* **ASSIGNED TASK**
Print the records below exactly, from the line containing "5. Ángel Di" down to the line containing "Exterior Post/Pier Head", both lines included, and omit every picture.

* **DATA FOR PROCESSING**
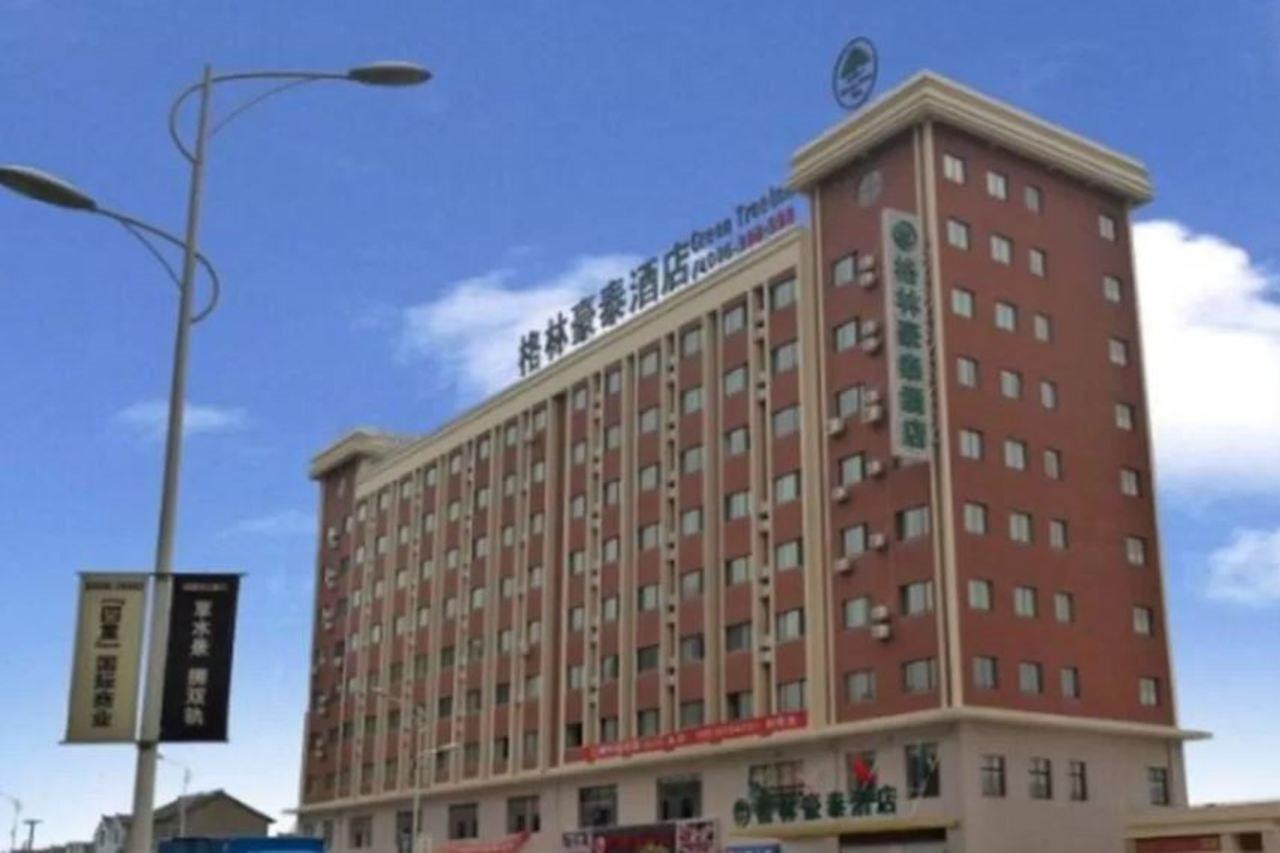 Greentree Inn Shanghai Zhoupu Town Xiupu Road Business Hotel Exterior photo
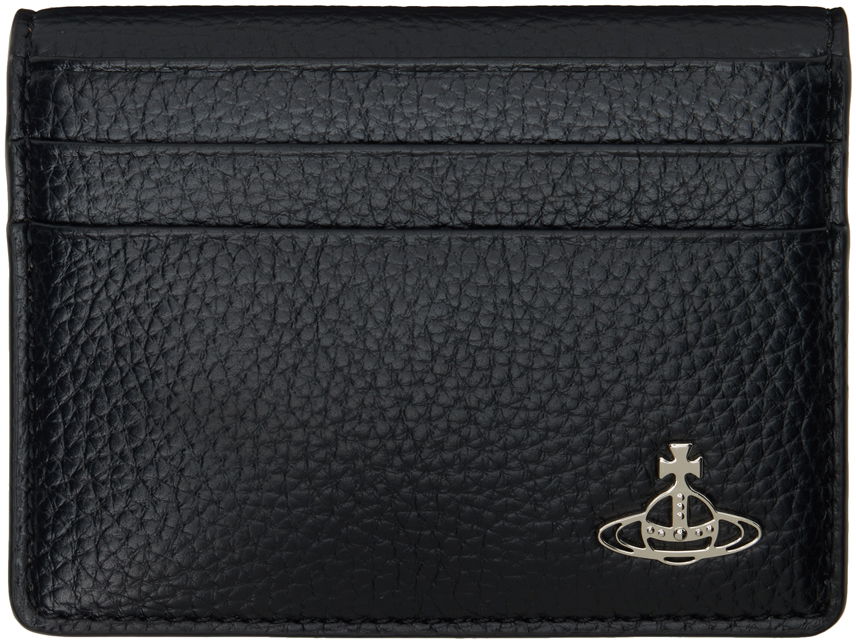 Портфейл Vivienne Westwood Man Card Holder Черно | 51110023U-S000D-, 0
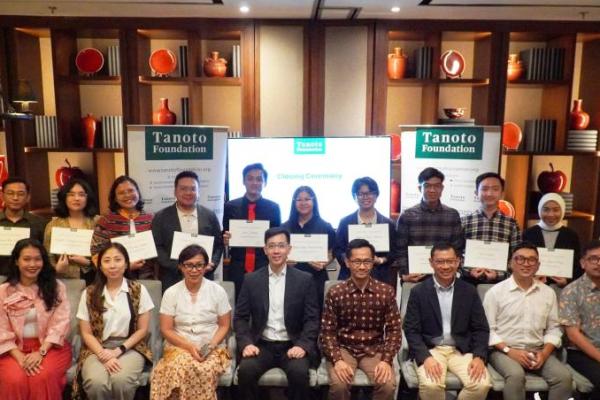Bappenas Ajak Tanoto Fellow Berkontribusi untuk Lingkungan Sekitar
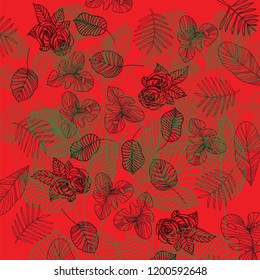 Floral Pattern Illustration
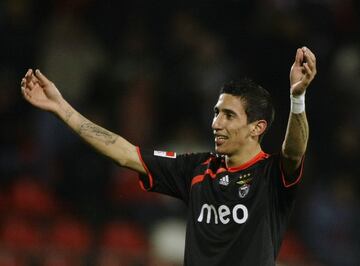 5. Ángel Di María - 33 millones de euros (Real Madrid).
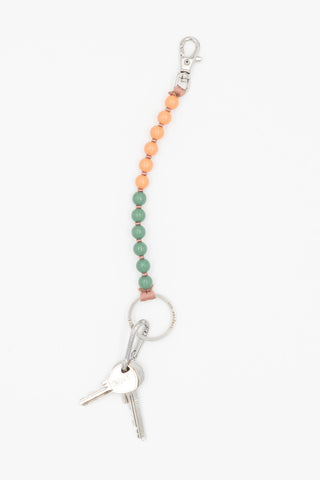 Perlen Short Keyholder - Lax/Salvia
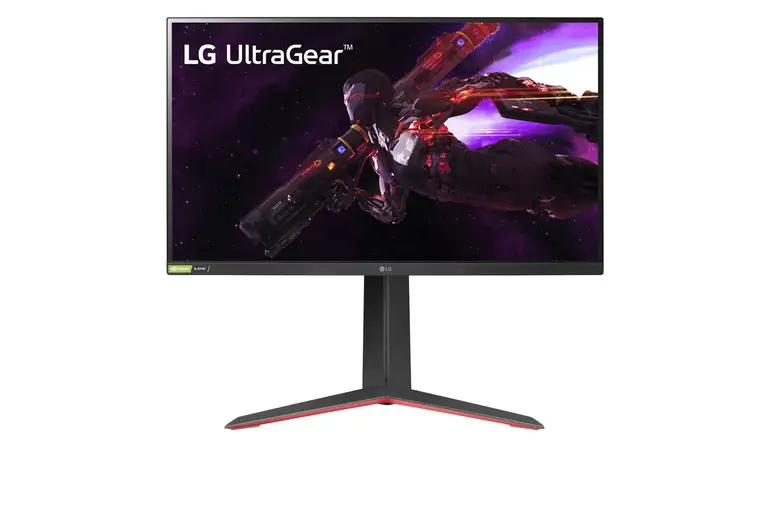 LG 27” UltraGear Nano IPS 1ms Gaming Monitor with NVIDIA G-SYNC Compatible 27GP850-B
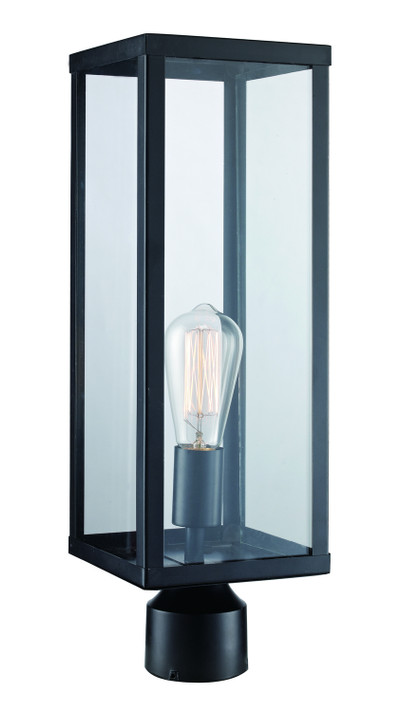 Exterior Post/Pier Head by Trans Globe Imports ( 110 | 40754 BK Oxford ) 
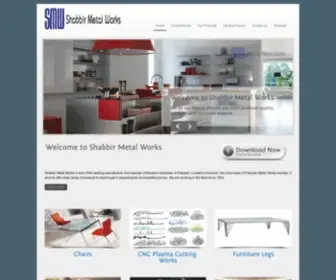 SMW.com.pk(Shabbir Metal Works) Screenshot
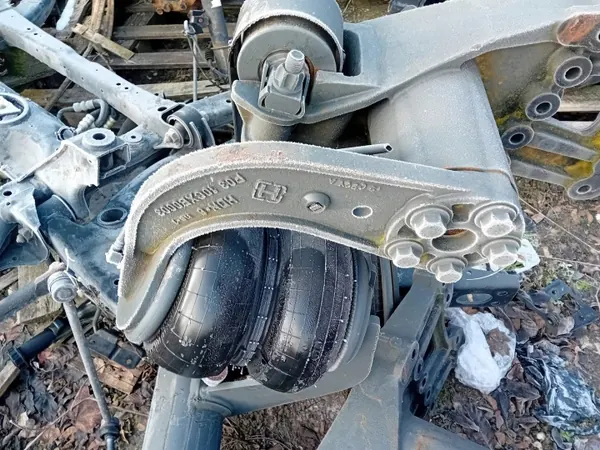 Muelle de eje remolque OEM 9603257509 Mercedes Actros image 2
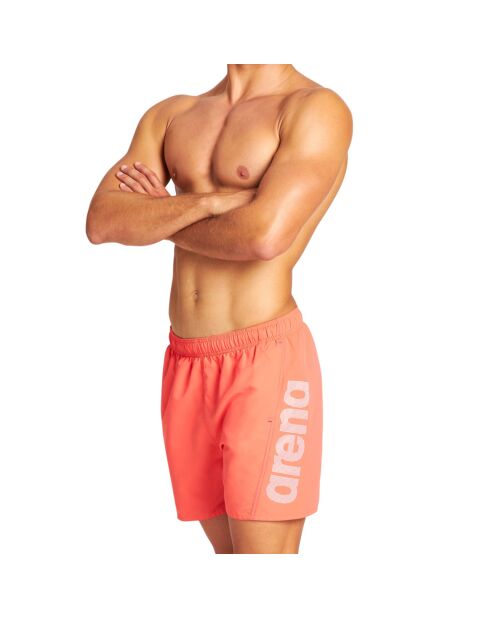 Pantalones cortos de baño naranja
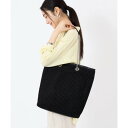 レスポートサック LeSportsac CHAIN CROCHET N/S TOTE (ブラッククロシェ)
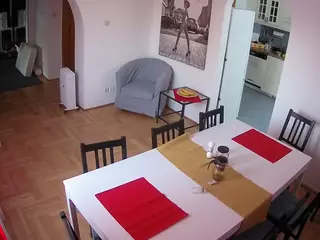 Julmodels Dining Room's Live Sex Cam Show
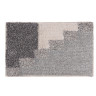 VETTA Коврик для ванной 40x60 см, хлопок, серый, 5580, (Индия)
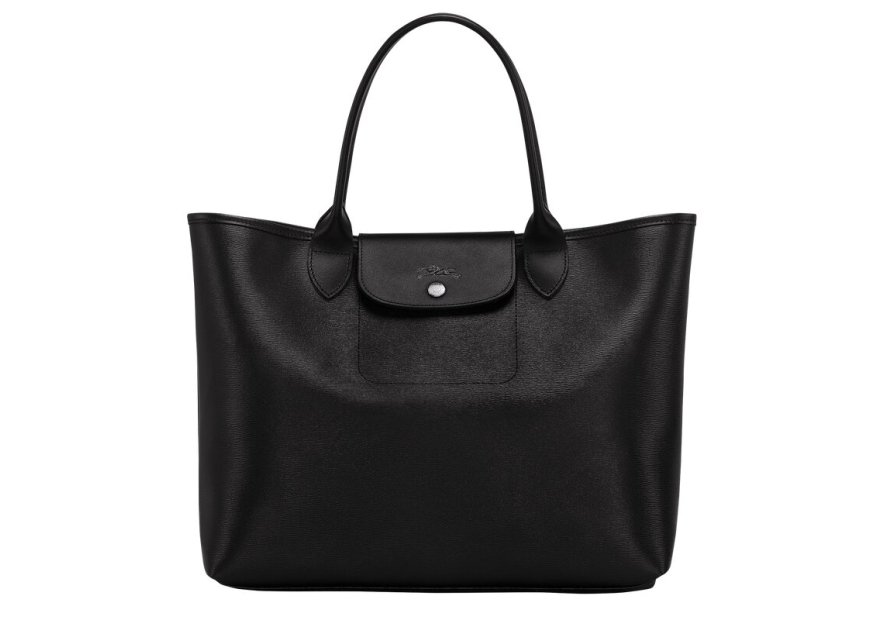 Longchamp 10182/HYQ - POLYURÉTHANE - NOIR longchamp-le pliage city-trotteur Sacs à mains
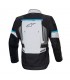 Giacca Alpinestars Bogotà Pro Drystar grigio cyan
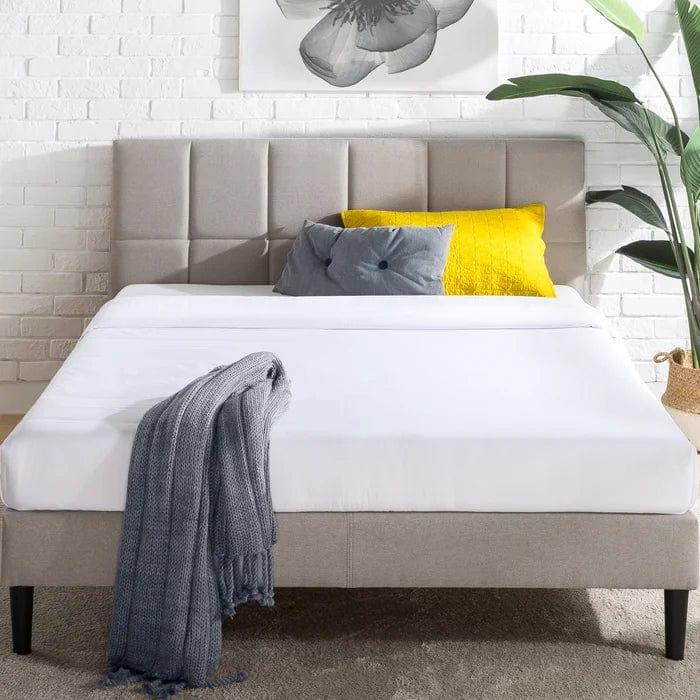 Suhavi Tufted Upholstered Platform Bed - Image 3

* **WRITTEN RESPONSE**
 5. Ángel Di María - 33 millones de euros (Real Madrid).
 Perlen Short Keyholder - Lax/Salvia
 LG 27” UltraGear Nano IPS 1ms Gaming Monitor with NVIDIA G-SYNC Compatible 27GP850-B
 Exterior Post/Pier Head by Trans Globe Imports ( 110 | 40754 BK Oxford ) 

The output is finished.